"You will find us strict and particular in many ways; but it is our desire that you should be happy with us. Your father had a very happy boyhood, he always said, and I believe he spoke truly. You cannot remember him, I suppose?"

"I do just remember him, but that is all."

"He was a noble boy! Mary and I were proud of him!"

"We were indeed!" Miss Holcroft agreed.

"Oh, please, Aunt Pamela," Marigold said hastily, "mother told me to ask you if you would be good enough to let her know I had arrived safely."

"I should have done so if you had not mentioned it," Miss Pamela answered. "Have you any message to send?"

"Please give her my love—nothing else, thank you."

The letter was written and sent to post.

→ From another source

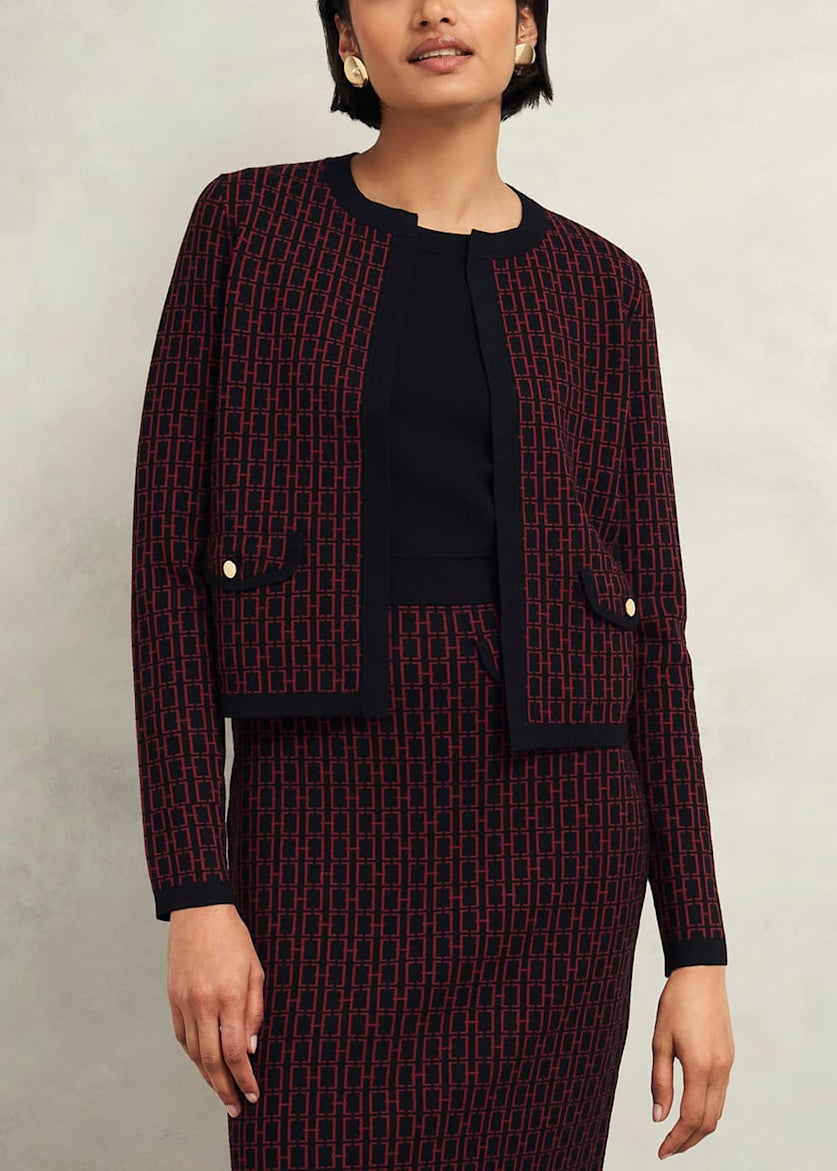 Perrie Knitted Jacket 0224/9756/1185l00 Black-Rhubarb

Marigold was allowed to remain idle that first evening, and she sat watching Miss Pamela busily employed with woolwork, with a sense of unreality upon her. Miss Holcroft took some needlework too, but she continually put it down to scan her little niece's features afresh, and smile upon her with such evident goodwill that Marigold's heart could not but feel less lonely. Yet, when she lay down in her pretty chintz-covered bed that night, and thought longingly of her mother and brothers, the tears would come, and painful sobs shook her slender form.

"Oh, to be back with her dear ones once more! To feel the clasp of loving arms, the touch of loving lips! Were they thinking of her at this moment, saying: I wonder how Marigold is getting on, and if she misses us much!"

She felt she had never known how much she loved them till now. Oh, it was hard that she should have had to leave them; it seemed a little unkind her mother should have insisted on sending her away. But no, that was a wrong thought. Mother knew what was best.